* **Collected data**:
---------------

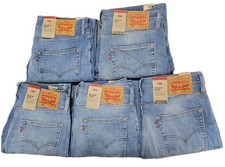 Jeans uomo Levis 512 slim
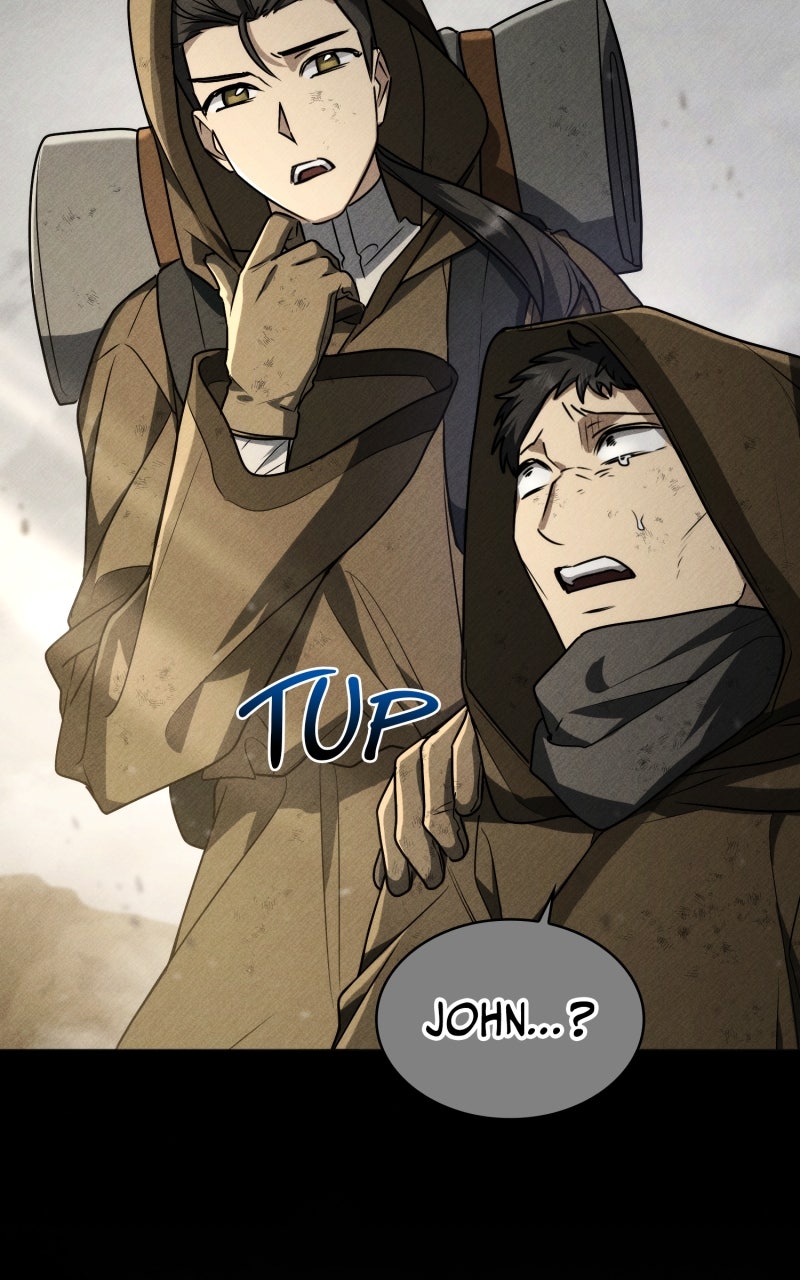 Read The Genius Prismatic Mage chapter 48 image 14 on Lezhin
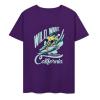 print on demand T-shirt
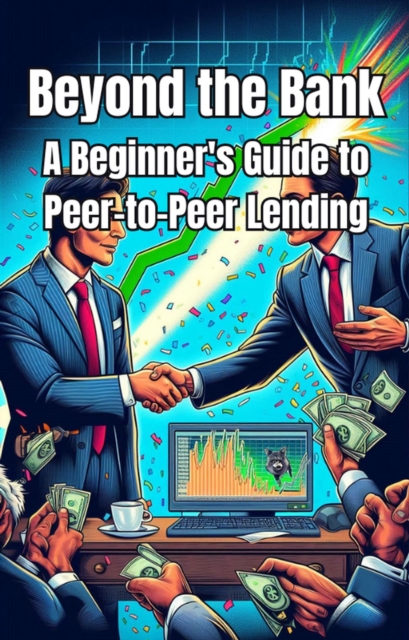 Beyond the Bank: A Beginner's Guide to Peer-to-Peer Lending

---------------

* **Work item**:
Return the whole listing, word for word, and leave out every picture.

* **Output for this task**:
 Jeans uomo Levis 512 slim
 Read The Genius Prismatic Mage chapter 48 image 14 on Lezhin
 print on demand T-shirt
 Beyond the Bank: A Beginner's Guide to Peer-to-Peer Lending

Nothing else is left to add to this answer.